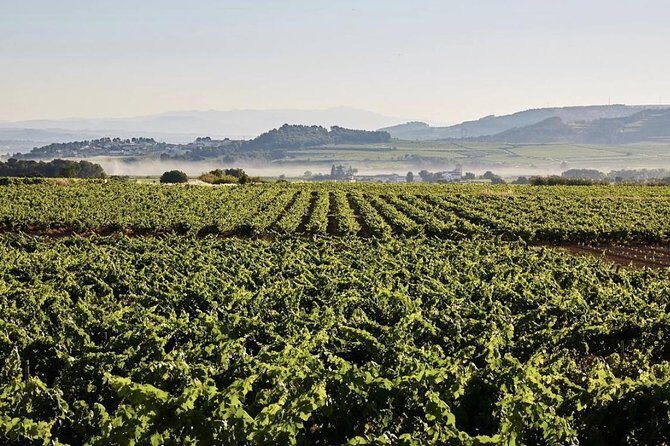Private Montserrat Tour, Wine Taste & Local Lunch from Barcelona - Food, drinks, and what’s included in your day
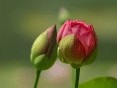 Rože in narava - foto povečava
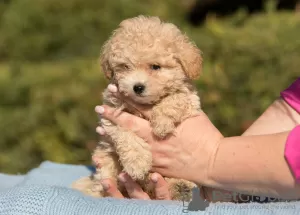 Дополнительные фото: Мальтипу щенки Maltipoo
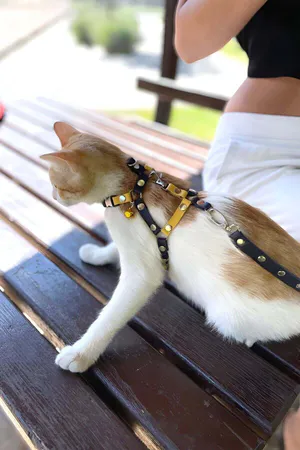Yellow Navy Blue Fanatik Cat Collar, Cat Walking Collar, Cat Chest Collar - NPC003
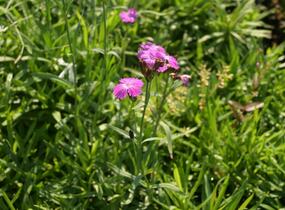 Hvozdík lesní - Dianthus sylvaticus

------------------------------------------------------------

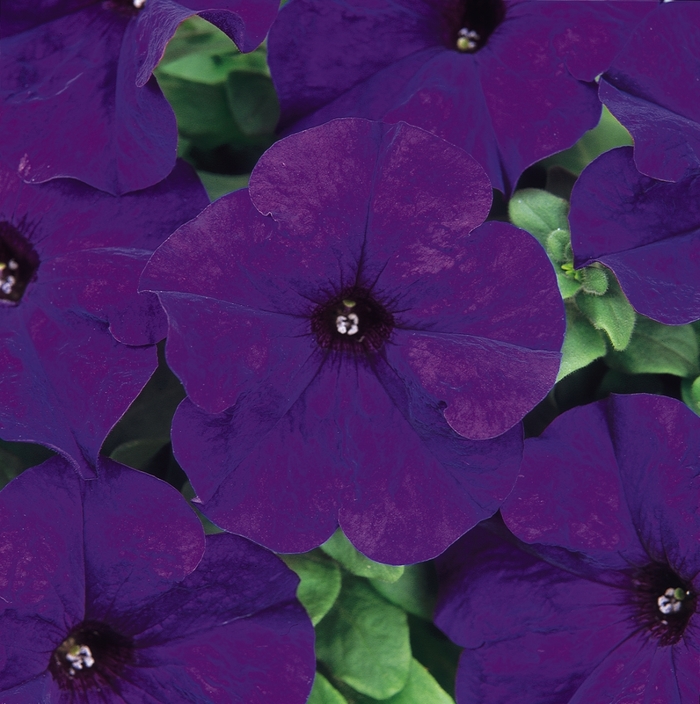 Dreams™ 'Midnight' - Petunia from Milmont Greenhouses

------------------------------------------------------------

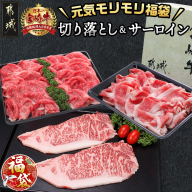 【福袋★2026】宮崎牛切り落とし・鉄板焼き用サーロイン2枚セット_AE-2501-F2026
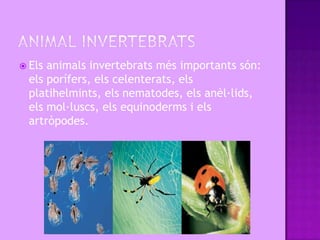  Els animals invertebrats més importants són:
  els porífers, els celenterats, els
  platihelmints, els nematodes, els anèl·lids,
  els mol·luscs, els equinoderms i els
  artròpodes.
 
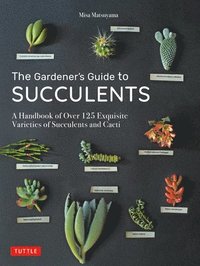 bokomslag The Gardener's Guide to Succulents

------------------------------------------------------------

▶ **YOUR INSTRUCTIONS**: A verbatim reproduction is expected: starting at the line above that has "Els animals invertebrats", ending at the line that has "bokomslag The Gardener's Guide to Succulents", both included, and with no pictures and no other lines.

▶ **OUTPUT**:
  Els animals invertebrats més importants són:
  els porífers, els celenterats, els
  platihelmints, els nematodes, els anèl·lids,
  els mol·luscs, els equinoderms i els
  artròpodes.
 
 bokomslag The Gardener's Guide to Succulents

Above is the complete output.